Would you give the records below again, exactly and completely?

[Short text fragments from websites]
::::

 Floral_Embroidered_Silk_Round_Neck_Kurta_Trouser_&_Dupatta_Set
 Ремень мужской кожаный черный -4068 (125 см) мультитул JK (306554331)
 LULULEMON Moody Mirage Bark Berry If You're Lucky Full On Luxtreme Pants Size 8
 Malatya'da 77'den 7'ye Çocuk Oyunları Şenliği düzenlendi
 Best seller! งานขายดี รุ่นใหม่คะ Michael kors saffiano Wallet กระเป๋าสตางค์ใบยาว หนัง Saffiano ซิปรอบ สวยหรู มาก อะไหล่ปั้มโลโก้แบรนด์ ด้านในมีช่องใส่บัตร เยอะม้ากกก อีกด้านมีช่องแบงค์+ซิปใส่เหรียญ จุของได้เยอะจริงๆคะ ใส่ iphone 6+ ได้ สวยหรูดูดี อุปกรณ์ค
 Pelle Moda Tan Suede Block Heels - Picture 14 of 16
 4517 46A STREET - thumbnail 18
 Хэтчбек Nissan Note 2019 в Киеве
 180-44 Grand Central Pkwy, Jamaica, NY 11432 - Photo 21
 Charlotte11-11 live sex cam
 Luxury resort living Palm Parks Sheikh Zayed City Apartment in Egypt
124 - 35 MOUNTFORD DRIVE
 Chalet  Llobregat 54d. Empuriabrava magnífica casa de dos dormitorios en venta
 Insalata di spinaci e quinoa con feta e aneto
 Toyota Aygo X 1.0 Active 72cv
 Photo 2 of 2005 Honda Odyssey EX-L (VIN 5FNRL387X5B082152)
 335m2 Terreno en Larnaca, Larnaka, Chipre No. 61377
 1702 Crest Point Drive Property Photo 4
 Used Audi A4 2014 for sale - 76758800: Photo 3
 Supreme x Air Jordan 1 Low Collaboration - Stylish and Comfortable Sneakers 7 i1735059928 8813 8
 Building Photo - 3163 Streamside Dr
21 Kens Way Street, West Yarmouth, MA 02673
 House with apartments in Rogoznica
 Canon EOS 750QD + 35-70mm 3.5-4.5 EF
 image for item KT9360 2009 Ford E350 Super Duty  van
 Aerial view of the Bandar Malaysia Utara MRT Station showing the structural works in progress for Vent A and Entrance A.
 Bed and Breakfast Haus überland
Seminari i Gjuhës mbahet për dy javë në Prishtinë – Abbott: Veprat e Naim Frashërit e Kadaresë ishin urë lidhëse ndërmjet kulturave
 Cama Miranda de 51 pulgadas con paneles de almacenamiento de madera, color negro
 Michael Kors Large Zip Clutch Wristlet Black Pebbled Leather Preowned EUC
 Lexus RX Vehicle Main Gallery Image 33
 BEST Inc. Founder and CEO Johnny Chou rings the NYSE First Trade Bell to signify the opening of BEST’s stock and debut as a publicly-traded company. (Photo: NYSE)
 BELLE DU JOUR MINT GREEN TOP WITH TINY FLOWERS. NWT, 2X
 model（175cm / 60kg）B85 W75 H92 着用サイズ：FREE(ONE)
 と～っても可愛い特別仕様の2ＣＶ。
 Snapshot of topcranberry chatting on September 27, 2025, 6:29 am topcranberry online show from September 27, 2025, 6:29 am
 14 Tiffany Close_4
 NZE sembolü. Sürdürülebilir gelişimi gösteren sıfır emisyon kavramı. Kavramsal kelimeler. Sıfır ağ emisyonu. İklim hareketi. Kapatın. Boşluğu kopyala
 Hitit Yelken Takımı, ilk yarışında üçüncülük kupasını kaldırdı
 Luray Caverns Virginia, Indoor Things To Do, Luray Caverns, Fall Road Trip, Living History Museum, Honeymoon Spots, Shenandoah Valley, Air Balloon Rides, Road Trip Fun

::::

#### Output of the task
 Floral_Embroidered_Silk_Round_Neck_Kurta_Trouser_&_Dupatta_Set
 Ремень мужской кожаный черный -4068 (125 см) мультитул JK (306554331)
 LULULEMON Moody Mirage Bark Berry If You're Lucky Full On Luxtreme Pants Size 8
 Malatya'da 77'den 7'ye Çocuk Oyunları Şenliği düzenlendi
 Best seller! งานขายดี รุ่นใหม่คะ Michael kors saffiano Wallet กระเป๋าสตางค์ใบยาว หนัง Saffiano ซิปรอบ สวยหรู มาก อะไหล่ปั้มโลโก้แบรนด์ ด้านในมีช่องใส่บัตร เยอะม้ากกก อีกด้านมีช่องแบงค์+ซิปใส่เหรียญ จุของได้เยอะจริงๆคะ ใส่ iphone 6+ ได้ สวยหรูดูดี อุปกรณ์ค
 Pelle Moda Tan Suede Block Heels - Picture 14 of 16
 4517 46A STREET - thumbnail 18
 Хэтчбек Nissan Note 2019 в Киеве
 180-44 Grand Central Pkwy, Jamaica, NY 11432 - Photo 21
 Charlotte11-11 live sex cam
 Luxury resort living Palm Parks Sheikh Zayed City Apartment in Egypt
124 - 35 MOUNTFORD DRIVE
 Chalet  Llobregat 54d. Empuriabrava magnífica casa de dos dormitorios en venta
 Insalata di spinaci e quinoa con feta e aneto
 Toyota Aygo X 1.0 Active 72cv
 Photo 2 of 2005 Honda Odyssey EX-L (VIN 5FNRL387X5B082152)
 335m2 Terreno en Larnaca, Larnaka, Chipre No. 61377
 1702 Crest Point Drive Property Photo 4
 Used Audi A4 2014 for sale - 76758800: Photo 3
 Supreme x Air Jordan 1 Low Collaboration - Stylish and Comfortable Sneakers 7 i1735059928 8813 8
 Building Photo - 3163 Streamside Dr
21 Kens Way Street, West Yarmouth, MA 02673
 House with apartments in Rogoznica
 Canon EOS 750QD + 35-70mm 3.5-4.5 EF
 image for item KT9360 2009 Ford E350 Super Duty  van
 Aerial view of the Bandar Malaysia Utara MRT Station showing the structural works in progress for Vent A and Entrance A.
 Bed and Breakfast Haus überland
Seminari i Gjuhës mbahet për dy javë në Prishtinë – Abbott: Veprat e Naim Frashërit e Kadaresë ishin urë lidhëse ndërmjet kulturave
 Cama Miranda de 51 pulgadas con paneles de almacenamiento de madera, color negro
 Michael Kors Large Zip Clutch Wristlet Black Pebbled Leather Preowned EUC
 Lexus RX Vehicle Main Gallery Image 33
 BEST Inc. Founder and CEO Johnny Chou rings the NYSE First Trade Bell to signify the opening of BEST’s stock and debut as a publicly-traded company. (Photo: NYSE)
 BELLE DU JOUR MINT GREEN TOP WITH TINY FLOWERS. NWT, 2X
 model（175cm / 60kg）B85 W75 H92 着用サイズ：FREE(ONE)
 と～っても可愛い特別仕様の2ＣＶ。
 Snapshot of topcranberry chatting on September 27, 2025, 6:29 am topcranberry online show from September 27, 2025, 6:29 am
 14 Tiffany Close_4
 NZE sembolü. Sürdürülebilir gelişimi gösteren sıfır emisyon kavramı. Kavramsal kelimeler. Sıfır ağ emisyonu. İklim hareketi. Kapatın. Boşluğu kopyala
 Hitit Yelken Takımı, ilk yarışında üçüncülük kupasını kaldırdı
 Luray Caverns Virginia, Indoor Things To Do, Luray Caverns, Fall Road Trip, Living History Museum, Honeymoon Spots, Shenandoah Valley, Air Balloon Rides, Road Trip Fun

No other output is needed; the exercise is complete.